- _Collected data_

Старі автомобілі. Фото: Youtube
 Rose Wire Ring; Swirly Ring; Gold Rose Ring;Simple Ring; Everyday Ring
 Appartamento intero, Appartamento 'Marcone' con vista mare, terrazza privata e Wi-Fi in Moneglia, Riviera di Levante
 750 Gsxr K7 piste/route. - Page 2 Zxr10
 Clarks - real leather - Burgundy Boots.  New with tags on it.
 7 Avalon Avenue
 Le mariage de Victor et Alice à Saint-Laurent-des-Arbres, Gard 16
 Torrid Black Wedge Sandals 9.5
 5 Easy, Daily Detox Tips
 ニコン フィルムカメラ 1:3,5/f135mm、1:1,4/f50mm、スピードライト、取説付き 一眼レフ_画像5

- _Exercise details_
Print out every record, character for character.

- _Exercise output_
Старі автомобілі. Фото: Youtube
 Rose Wire Ring; Swirly Ring; Gold Rose Ring;Simple Ring; Everyday Ring
 Appartamento intero, Appartamento 'Marcone' con vista mare, terrazza privata e Wi-Fi in Moneglia, Riviera di Levante
 750 Gsxr K7 piste/route. - Page 2 Zxr10
 Clarks - real leather - Burgundy Boots.  New with tags on it.
 7 Avalon Avenue
 Le mariage de Victor et Alice à Saint-Laurent-des-Arbres, Gard 16
 Torrid Black Wedge Sandals 9.5
 5 Easy, Daily Detox Tips
 ニコン フィルムカメラ 1:3,5/f135mm、1:1,4/f50mm、スピードライト、取説付き 一眼レフ_画像5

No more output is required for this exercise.